Anonimização e Inteligência Artificial: novas diretrizes europeias antecipam discussões que devem chegar ao Brasil
Publicado em 05/08/2026
*Equipe de Direito Digital
No início de julho, o European Data Protection Board (EDPB) publicou, para consulta pública, duas importantes minutas de diretrizes relacionadas à proteção de dados e inteligência artificial. Os documentos tratam de temas que vêm ocupando posição central no debate regulatório internacional: os critérios para que um conjunto de dados seja considerado efetivamente anonimizado e os limites jurídicos da utilização de técnicas de web scraping para treinamento de modelos de inteligência artificial generativa.
Embora as orientações tenham sido elaboradas no contexto do Regulamento Geral de Proteção de Dados da União Europeia (GDPR), os temas abordados possuem evidente relevância também para organizações sujeitas à Lei Geral de Proteção de Dados (LGPD), sobretudo diante da crescente utilização de sistemas de IA baseados em grandes volumes de dados.
No que se refere à anonimização, o EDPB reforça uma premissa que já vinha sendo construída pela jurisprudência europeia, a de que a eliminação de identificadores diretos não é suficiente, por si só, para retirar determinado conjunto de informações do regime de proteção de dados pessoais.
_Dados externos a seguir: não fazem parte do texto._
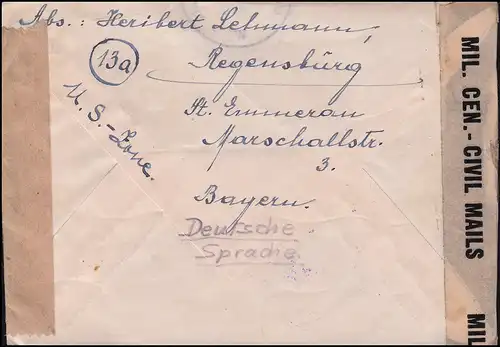 Censure - Censuration autrichienne - 737 et U.S. 10555 Lettre REGENSBURG n. Vienne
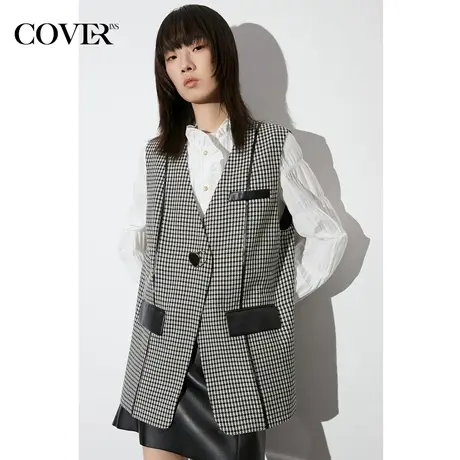 COVER春季千鸟格黑白撞色直身拼接马甲图片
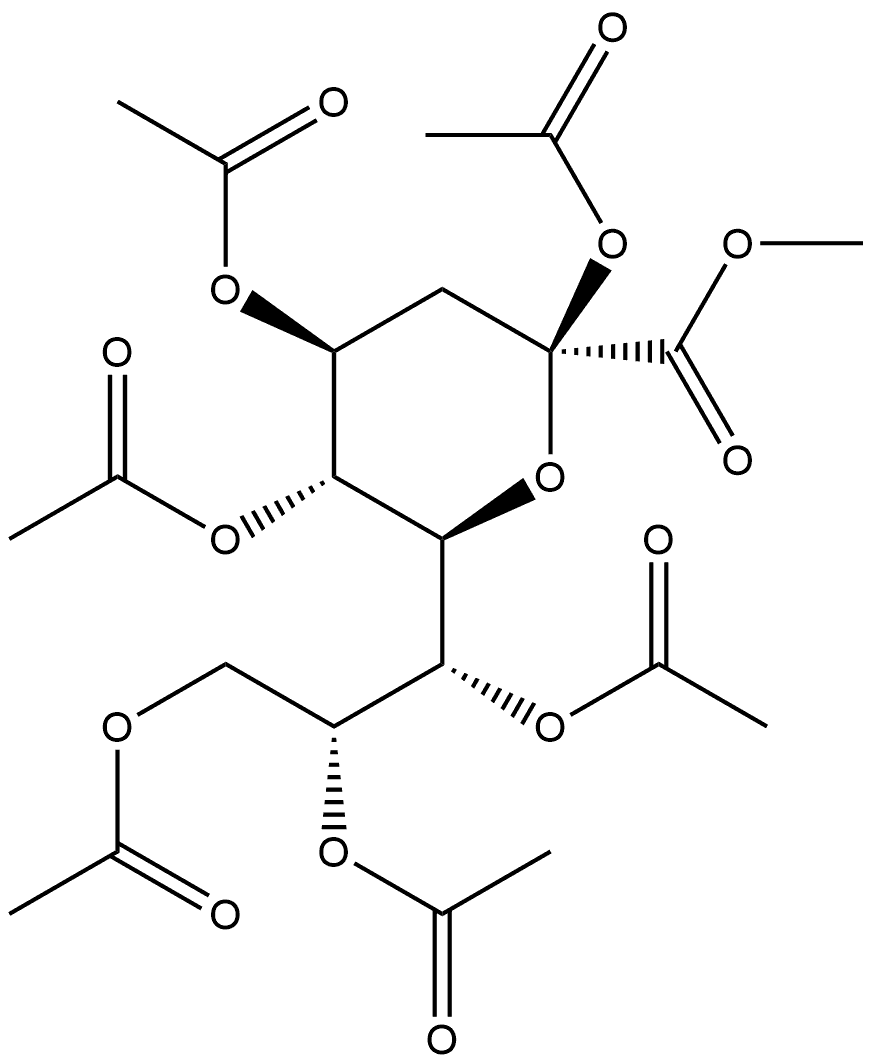 D-glycero-β-D-galacto-2-Nonulopyranosonic acid, 3-deoxy-, methyl ester, 2,4,5,7,8,9-hexaacetate Structure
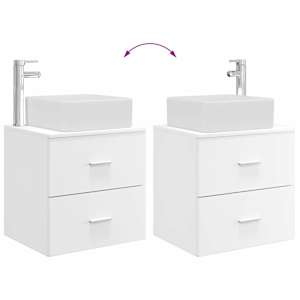 Sada koupelnového nábytku 5 pcs Bílá Kompozitní dřevo a sklo - obrázek 13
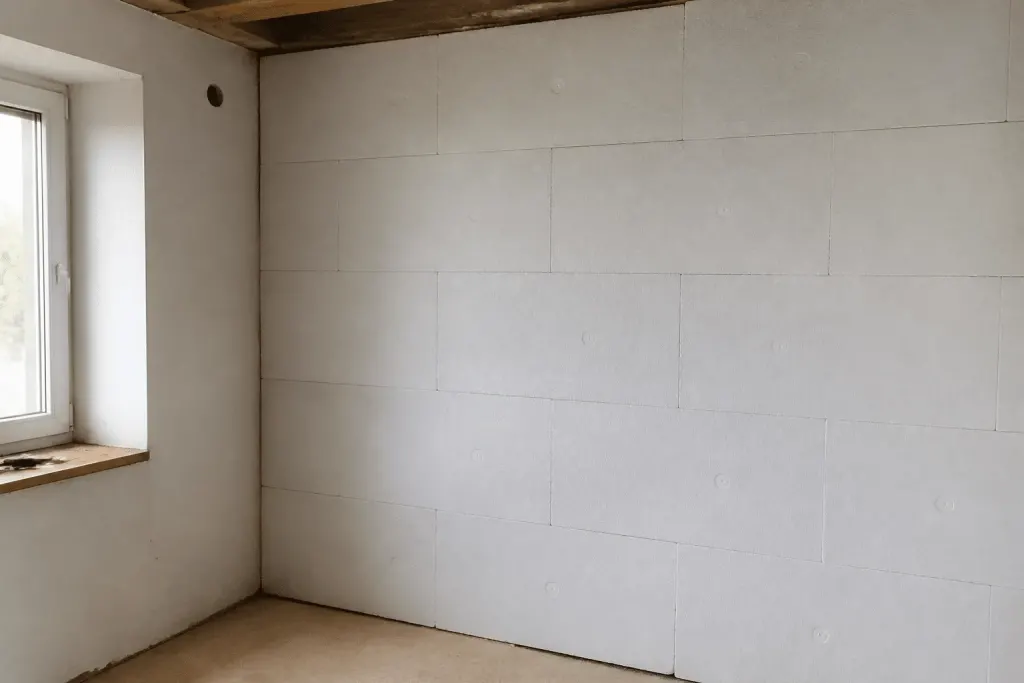 Panneaux isolants blancs installés sur mur interieur maison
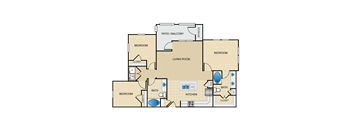 Three bedroom, two bath with large closets, open living room and large outdoor patio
A análise deve considerar o risco concreto de reidentificação, levando em conta os meios razoavelmente disponíveis para que uma pessoa possa voltar a ser identificada.
Como ferramenta prática, as diretrizes propõem um modelo de avaliação baseado em três aspectos, a saber: a impossibilidade de individualizar registros específicos, a impossibilidade de relacionar informações provenientes de diferentes bases de dados e a impossibilidade de extrair inferências capazes de identificar indivíduos. A adoção desse tipo de metodologia demonstra uma tendência regulatória de substituir critérios meramente formais por avaliações baseadas em risco.
Outro ponto de destaque envolve o uso de web scraping para treinamento de modelos de inteligência artificial. O EDPB esclarece que o simples fato de determinada informação estar disponível na internet não afasta a incidência da legislação de proteção de dados quando houver tratamento de dados pessoais. Assim, atividades automatizadas de coleta, armazenamento e utilização dessas informações continuam sujeitas aos princípios da finalidade, transparência, minimização e necessidade de uma base jurídica adequada.
As diretrizes também enfrentam uma questão particularmente relevante para empresas que desenvolvem ou utilizam soluções de IA: a utilização do legítimo interesse como fundamento jurídico para operações de coleta de dados na internet. Embora essa base legal possa ser utilizada em determinadas circunstâncias, sua aplicação exige avaliação criteriosa, documentação adequada e ponderação dos impactos sobre os direitos e liberdades dos titulares. O documento ainda dedica especial atenção à coleta incidental de dados sensíveis, deixando claro que não existe uma exceção geral para esse tipo de tratamento apenas porque ele ocorre durante processos automatizados de treinamento de modelos.
Ainda que permaneçam em consulta pública, essas diretrizes oferecem importantes sinais sobre a direção da regulação internacional. A tendência é de que o debate sobre inteligência artificial deixe de se concentrar apenas nos modelos e algoritmos, passando a dedicar atenção crescente à origem, qualidade e governança dos dados utilizados em seu treinamento.
Para empresas brasileiras, especialmente aquelas que desenvolvem ou utilizam ferramentas baseadas em IA generativa, o momento é oportuno para revisar políticas de tratamento de dados, mecanismos de anonimização, processos de governança de bases de treinamento e avaliações de legítimo interesse. Ainda que a ANPD não tenha publicado orientações específicas sobre esses temas, é razoável esperar que discussões semelhantes passem a integrar, em futuro próximo, a agenda regulatória nacional.
*A Equipe de Direito Digital é integrada pelos advogados Camila Camargo, Gabriela Araujo e Marco Zorzi.